The Lean 4 grammar is unstructured and extensible with arbitrary new parsers, so in general it is undecidable whether parentheses are necessary or even allowed at any point in the syntax tree. Parentheses for different categories, e.g. terms and levels, might not even have the same structure. In this module, we focus on the correct parenthesization of parsers defined via Lean.Parser.prattParser, which includes both aforementioned built-in categories. Custom parenthesizers can be added for new node kinds, but the data collected in the implementation below might not be appropriate for other parenthesization strategies.

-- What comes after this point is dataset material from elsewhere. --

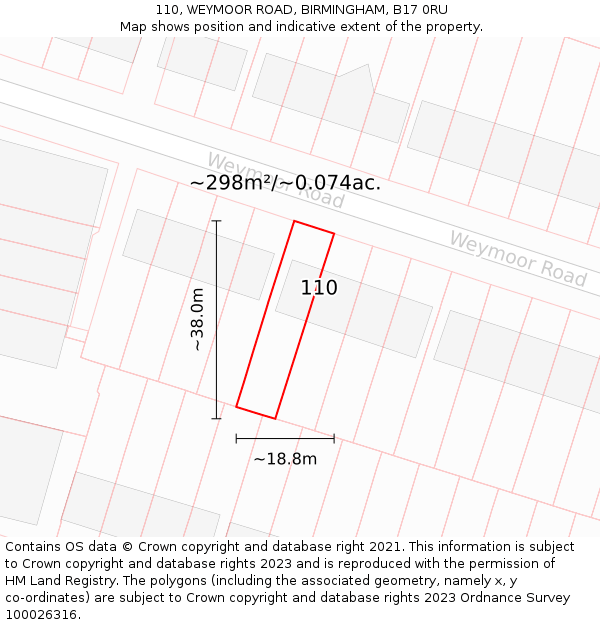 110, WEYMOOR ROAD, BIRMINGHAM, B17 0RU: Plot and title map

Usages of a parser defined via prattParser in general have the form p prec, where prec is the minimum precedence or binding power. Recall that a Pratt parser greedily runs a leading parser with precedence at least prec (otherwise it fails) followed by zero or more trailing parsers with precedence at least prec; the precedence of a parser is encoded in the call to leadingNode/trailingNode, respectively. Thus we should parenthesize a syntax node stx supposedly produced by p prec if

  1. the leading/any trailing parser involved in stx has precedence < prec (because without parentheses, p prec would not produce all of stx), or
  2. the trailing parser parsing the input to the right of stx, if any, has precedence >= prec (because without parentheses, p prec would have parsed it as well and made it a part of stx). We also check that the two parsers are from the same syntax category.

Note that in case 2, it is also sufficient to parenthesize a parent node as long as the offending parser is still to the right of that node. For example, imagine the tree structure of (f fun x => x) y without parentheses. We need to insert some parentheses between x and y since the lambda body is parsed with precedence 0, while the identifier parser for y has precedence maxPrec. But we need to parenthesize the $ node anyway since the precedence of its RHS (0) again is smaller than that of y. So it's better to only parenthesize the outer node than ending up with (f $ (fun x => x)) y.

Implementation #

We transform the syntax tree and collect the necessary precedence information for that in a single traversal. The traversal is right-to-left to cover case 2. More specifically, for every Pratt parser call, we store as monadic state the precedence of the left-most trailing parser and the minimum precedence of any parser (contPrec/minPrec) in this call, if any, and the precedence of the nested trailing Pratt parser call (trailPrec), if any. If stP is the state resulting from the traversal of a Pratt parser call p prec, and st is the state of the surrounding call, we parenthesize if prec > stP.minPrec (case 1) or if stP.trailPrec <= st.contPrec (case 2).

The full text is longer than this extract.